BEGIN

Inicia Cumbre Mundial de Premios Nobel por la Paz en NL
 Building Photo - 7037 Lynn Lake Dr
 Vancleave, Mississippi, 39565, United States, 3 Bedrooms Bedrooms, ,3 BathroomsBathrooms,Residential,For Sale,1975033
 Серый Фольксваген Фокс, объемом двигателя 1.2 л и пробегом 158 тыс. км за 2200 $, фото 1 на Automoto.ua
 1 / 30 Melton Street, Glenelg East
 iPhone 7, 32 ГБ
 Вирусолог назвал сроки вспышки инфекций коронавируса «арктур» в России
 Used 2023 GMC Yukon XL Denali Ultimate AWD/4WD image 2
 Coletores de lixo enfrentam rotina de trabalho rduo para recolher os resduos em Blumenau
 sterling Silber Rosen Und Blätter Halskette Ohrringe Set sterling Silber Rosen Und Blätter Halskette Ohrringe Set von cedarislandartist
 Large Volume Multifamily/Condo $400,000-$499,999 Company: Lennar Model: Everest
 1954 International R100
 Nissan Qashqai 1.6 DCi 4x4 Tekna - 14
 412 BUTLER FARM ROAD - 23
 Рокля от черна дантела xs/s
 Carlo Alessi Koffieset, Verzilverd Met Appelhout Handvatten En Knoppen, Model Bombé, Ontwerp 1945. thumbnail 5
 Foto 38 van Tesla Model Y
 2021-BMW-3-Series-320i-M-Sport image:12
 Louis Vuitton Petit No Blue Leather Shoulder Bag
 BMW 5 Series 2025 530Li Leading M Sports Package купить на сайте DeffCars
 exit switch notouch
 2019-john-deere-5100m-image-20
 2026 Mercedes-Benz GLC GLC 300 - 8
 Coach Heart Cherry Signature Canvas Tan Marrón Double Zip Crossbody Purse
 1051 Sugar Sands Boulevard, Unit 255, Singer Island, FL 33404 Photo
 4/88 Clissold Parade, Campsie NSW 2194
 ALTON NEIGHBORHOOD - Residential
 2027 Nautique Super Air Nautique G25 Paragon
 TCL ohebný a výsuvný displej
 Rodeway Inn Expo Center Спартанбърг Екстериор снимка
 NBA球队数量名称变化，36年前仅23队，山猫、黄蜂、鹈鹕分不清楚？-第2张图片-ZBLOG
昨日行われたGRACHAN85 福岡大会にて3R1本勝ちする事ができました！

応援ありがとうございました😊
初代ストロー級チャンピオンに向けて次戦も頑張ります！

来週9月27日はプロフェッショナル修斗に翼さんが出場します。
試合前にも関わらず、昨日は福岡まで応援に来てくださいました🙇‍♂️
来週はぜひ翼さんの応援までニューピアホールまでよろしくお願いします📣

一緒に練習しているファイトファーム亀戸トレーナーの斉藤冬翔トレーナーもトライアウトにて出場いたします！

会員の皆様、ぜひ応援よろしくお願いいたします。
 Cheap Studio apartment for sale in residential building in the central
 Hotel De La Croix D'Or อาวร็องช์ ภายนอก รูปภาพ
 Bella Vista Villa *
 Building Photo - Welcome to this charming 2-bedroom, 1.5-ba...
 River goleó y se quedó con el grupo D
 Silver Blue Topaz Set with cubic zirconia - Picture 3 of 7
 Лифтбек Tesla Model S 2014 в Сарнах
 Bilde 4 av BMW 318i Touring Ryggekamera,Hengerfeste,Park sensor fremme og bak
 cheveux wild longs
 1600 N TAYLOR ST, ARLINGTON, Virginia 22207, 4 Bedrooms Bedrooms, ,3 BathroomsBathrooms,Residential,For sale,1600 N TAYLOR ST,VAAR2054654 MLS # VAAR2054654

END

### Goal of the exercise:
Check each line of the entries above, and show every one holding the word "Tesla".

### Solved exercise:
 Foto 38 van Tesla Model Y
 Лифтбек Tesla Model S 2014 в Сарнах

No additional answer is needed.